- **Task details**: Print out the data below in full and exactly, skipping the pictures.

- **Dataset excerpt**:

_____

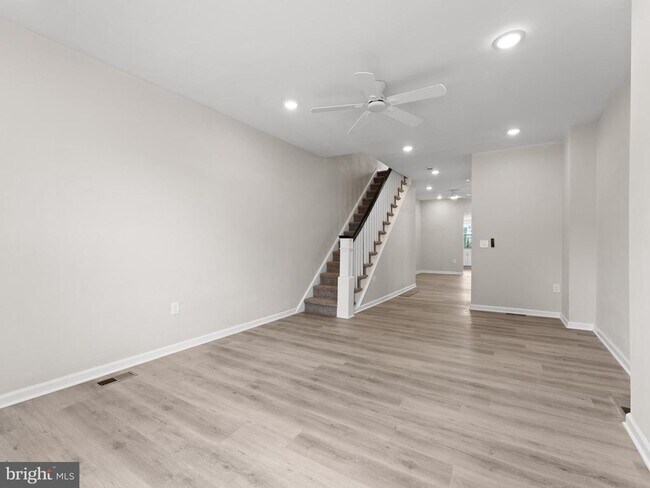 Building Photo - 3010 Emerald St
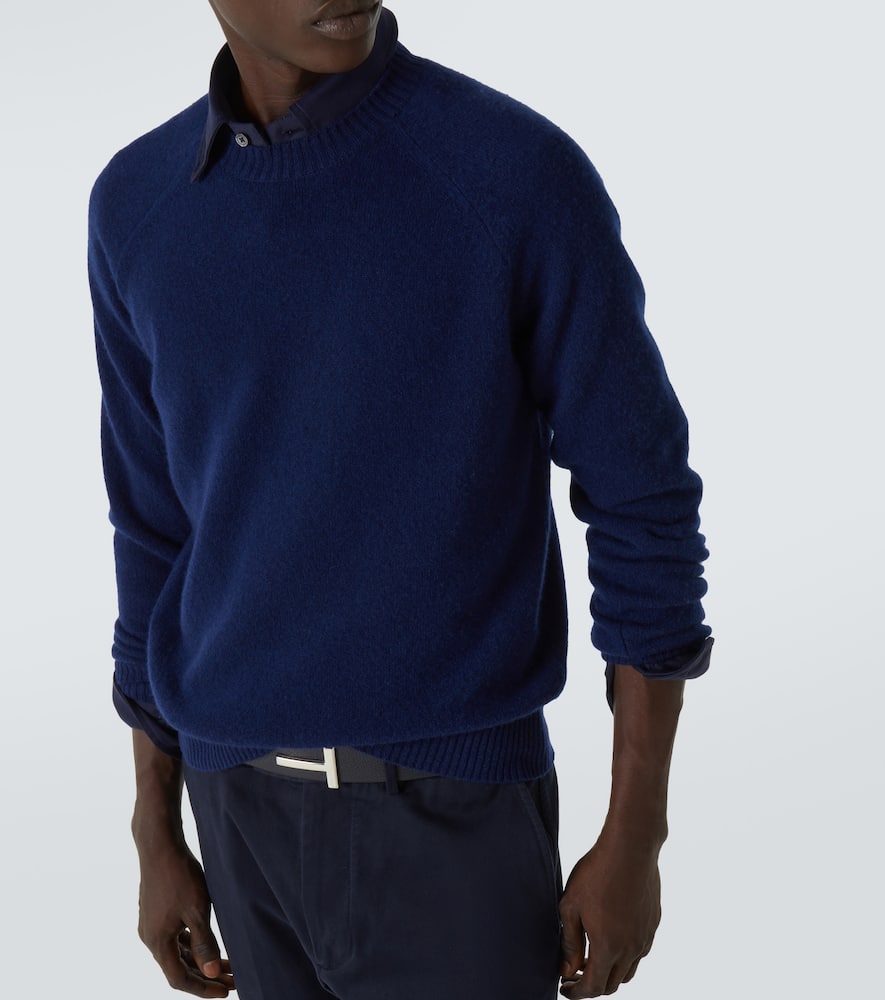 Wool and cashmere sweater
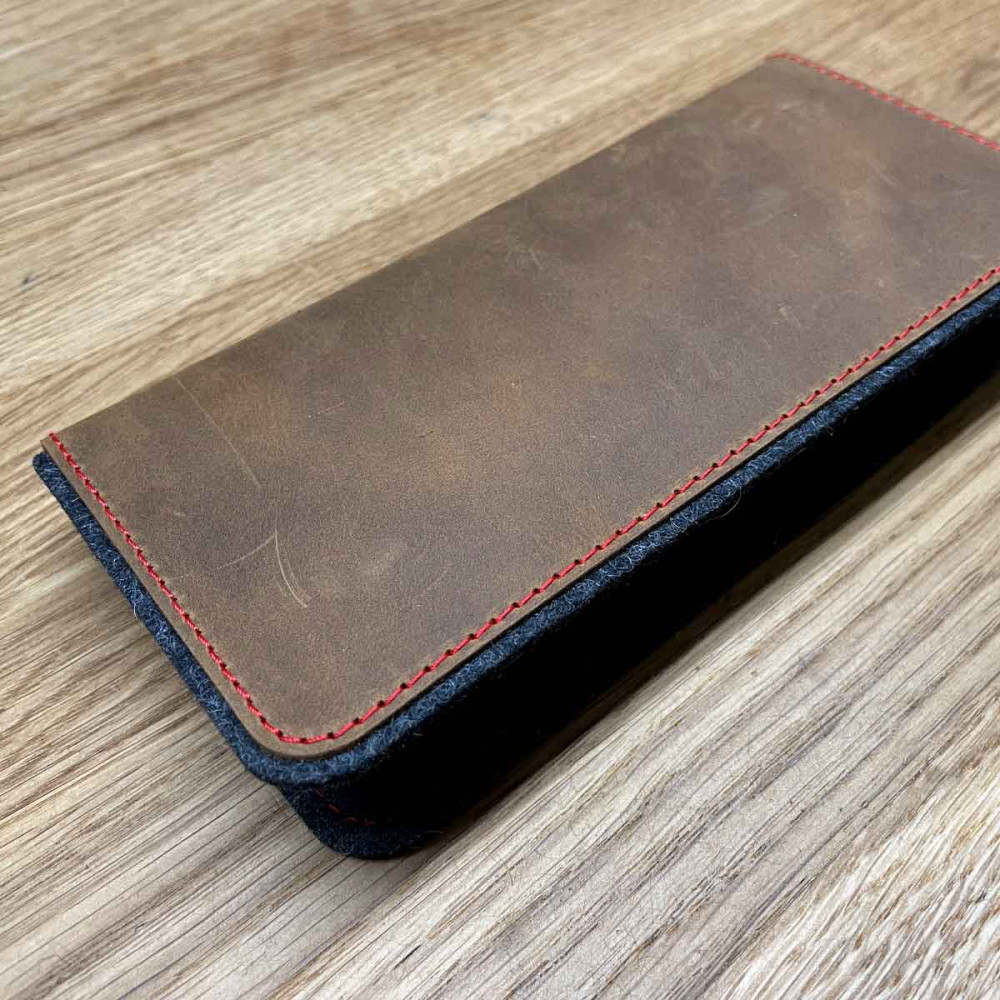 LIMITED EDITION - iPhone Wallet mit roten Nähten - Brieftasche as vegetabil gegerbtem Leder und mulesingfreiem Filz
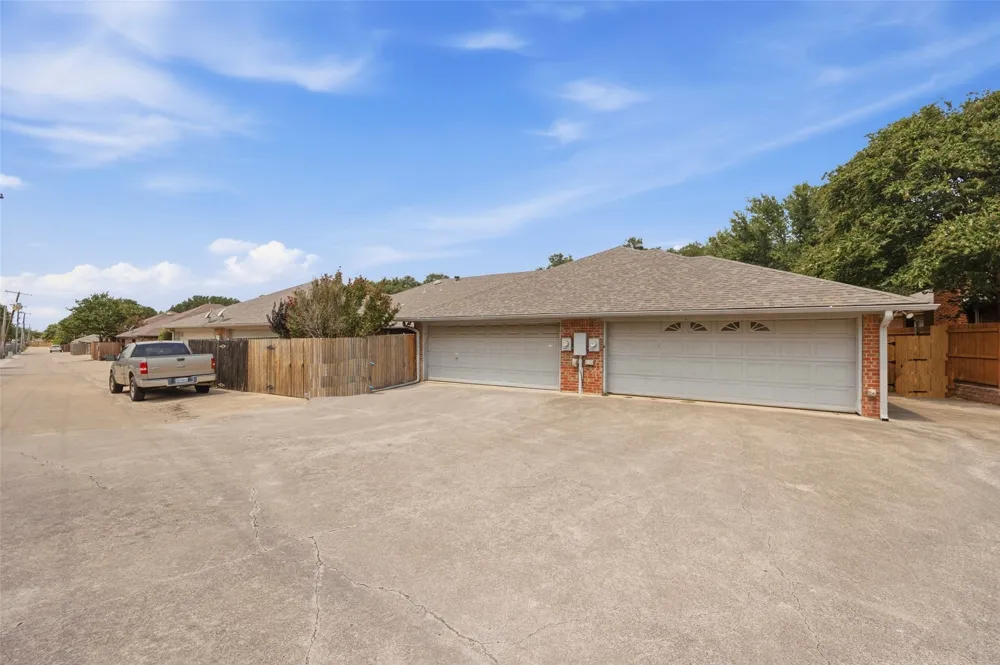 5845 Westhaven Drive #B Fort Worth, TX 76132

_____

- **Task result**:
 Building Photo - 3010 Emerald St
 Wool and cashmere sweater
 LIMITED EDITION - iPhone Wallet mit roten Nähten - Brieftasche as vegetabil gegerbtem Leder und mulesingfreiem Filz
 5845 Westhaven Drive #B Fort Worth, TX 76132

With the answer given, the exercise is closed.